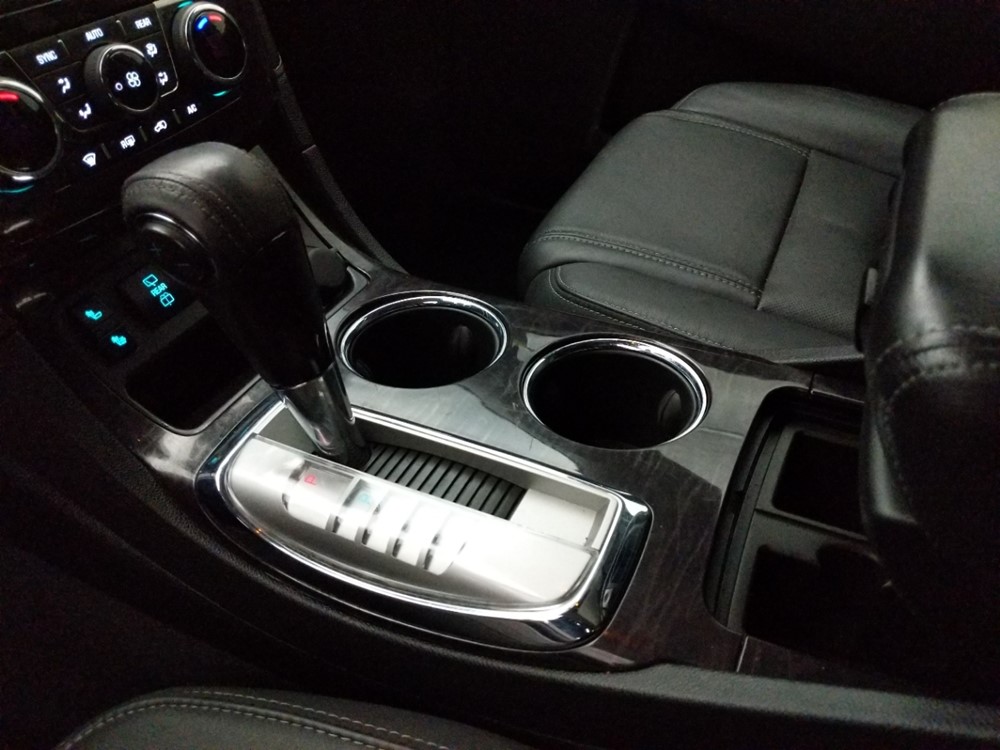 2017 Buick Enclave - Center Console/Cup Holders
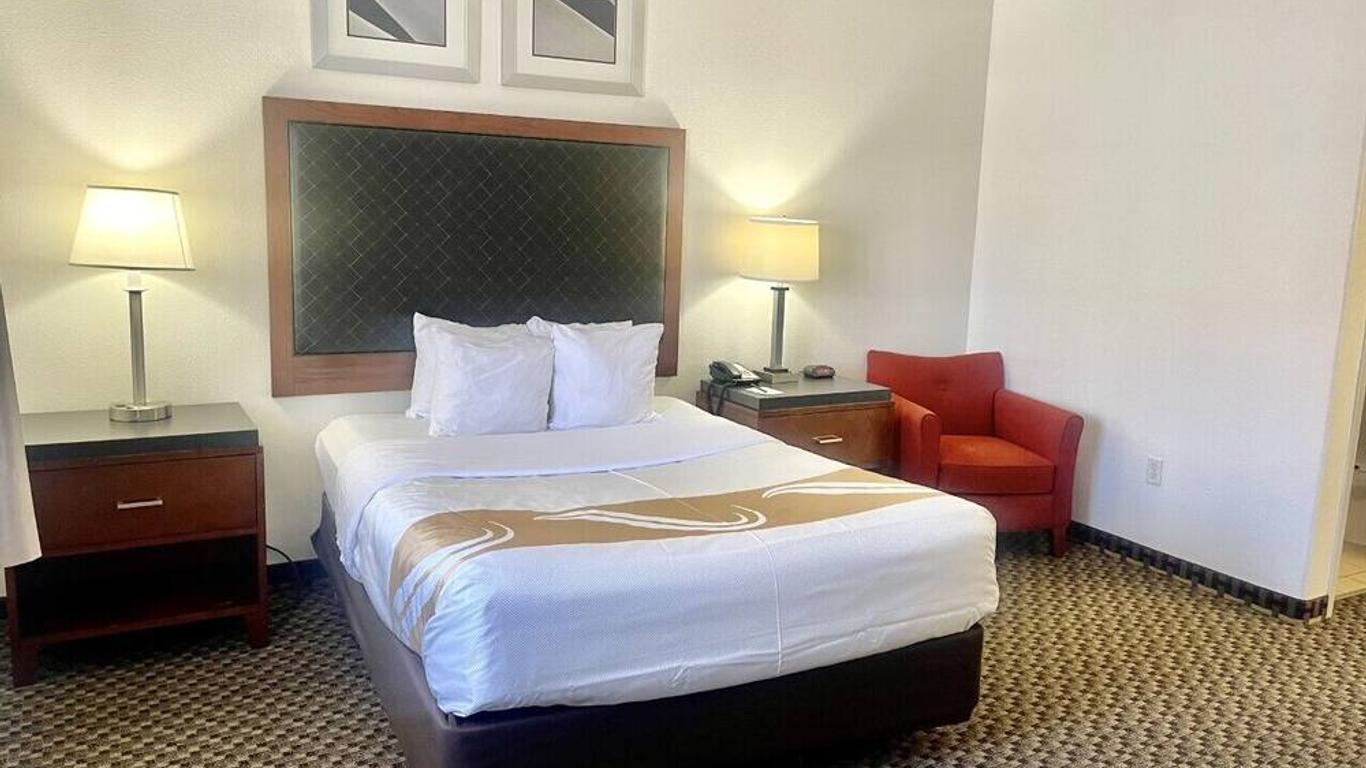 Quality Inn and Suites Lakewood - Denver Southwest
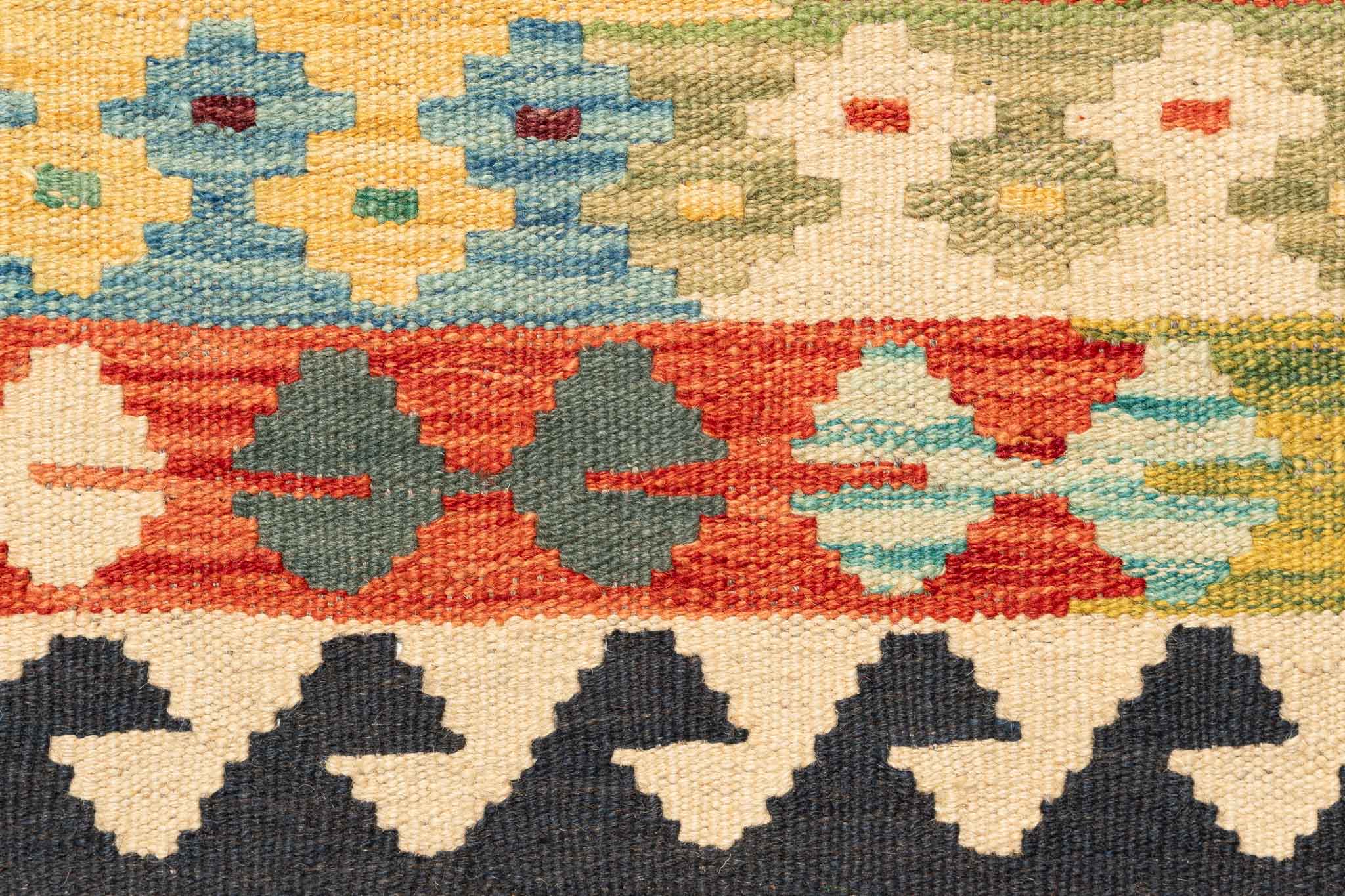 Afghanischer Kelim – 243 × 172 cm – handgewebt aus Schurwolle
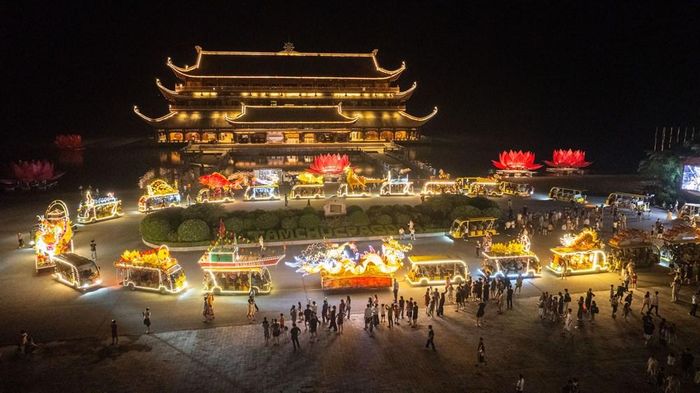 Đại diện Khu du lịch quốc gia Tam Chúc cho biết, từ ngày 20 – 25.9.2026, tại Khu du lịch quốc gia Tam Chúc sẽ diễn ra Đại lễ hội đèn lồng khổng lồ với chủ đề “Rồng thiêng miền di sản”, nhằm tạo không gian vui Trung thu cho người dân, du khách thập phương, đặc biệt là các em thiếu nhi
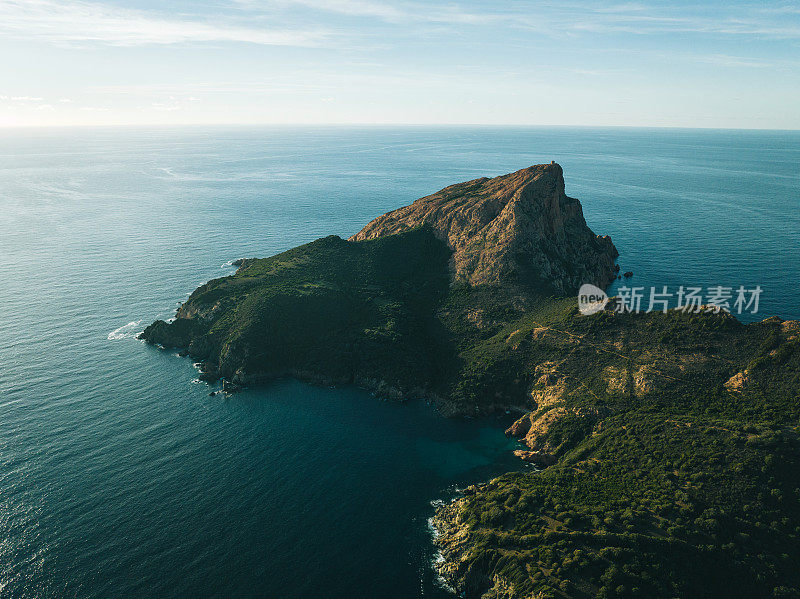 崎岖的海岸线和宁静的大海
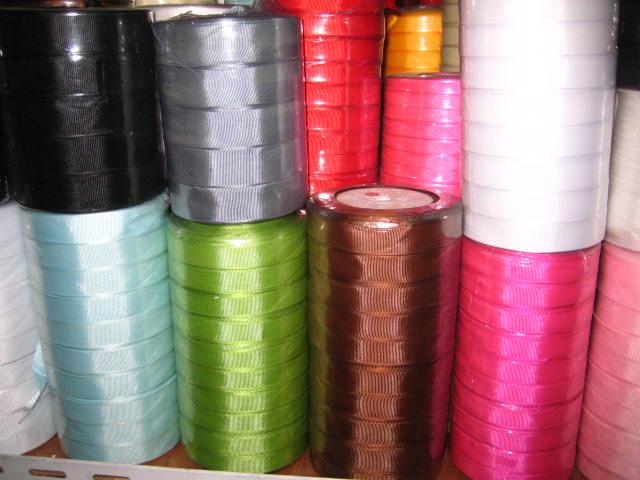 供應(yīng)現(xiàn)貨彩帶絲帶色丁帶滌綸帶包裝帶 現(xiàn)貨彩帶絲帶色丁帶滌綸帶包裝帶廠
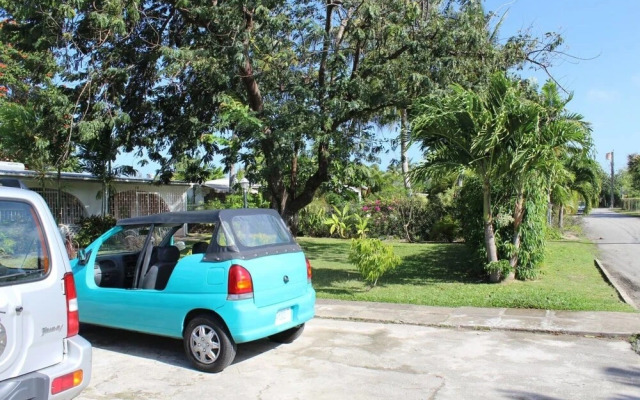 Sungazer - Holetown Apt & Beach Club on West Coast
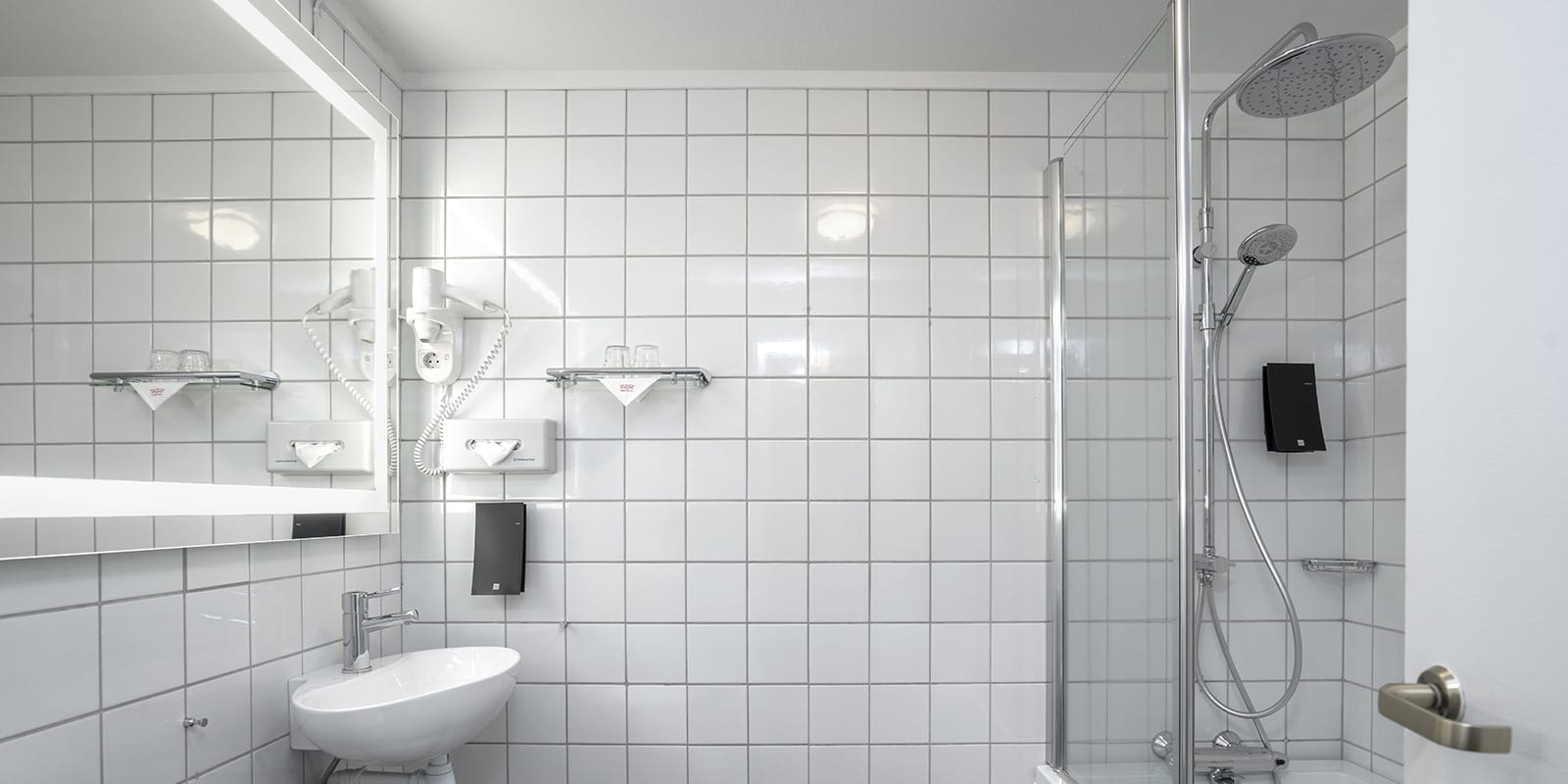 Badrum med dusch, handfat och toalett på gästrum på Thon Hotel Skeikampen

### Exercise directions
The expected result is the material restated word for word, minus any picture.

### Result of the task
 2017 Buick Enclave - Center Console/Cup Holders
 Quality Inn and Suites Lakewood - Denver Southwest
 Afghanischer Kelim – 243 × 172 cm – handgewebt aus Schurwolle
 Đại diện Khu du lịch quốc gia Tam Chúc cho biết, từ ngày 20 – 25.9.2026, tại Khu du lịch quốc gia Tam Chúc sẽ diễn ra Đại lễ hội đèn lồng khổng lồ với chủ đề “Rồng thiêng miền di sản”, nhằm tạo không gian vui Trung thu cho người dân, du khách thập phương, đặc biệt là các em thiếu nhi
 崎岖的海岸线和宁静的大海
 供應(yīng)現(xiàn)貨彩帶絲帶色丁帶滌綸帶包裝帶 現(xiàn)貨彩帶絲帶色丁帶滌綸帶包裝帶廠
 Sungazer - Holetown Apt & Beach Club on West Coast
 Badrum med dusch, handfat och toalett på gästrum på Thon Hotel Skeikampen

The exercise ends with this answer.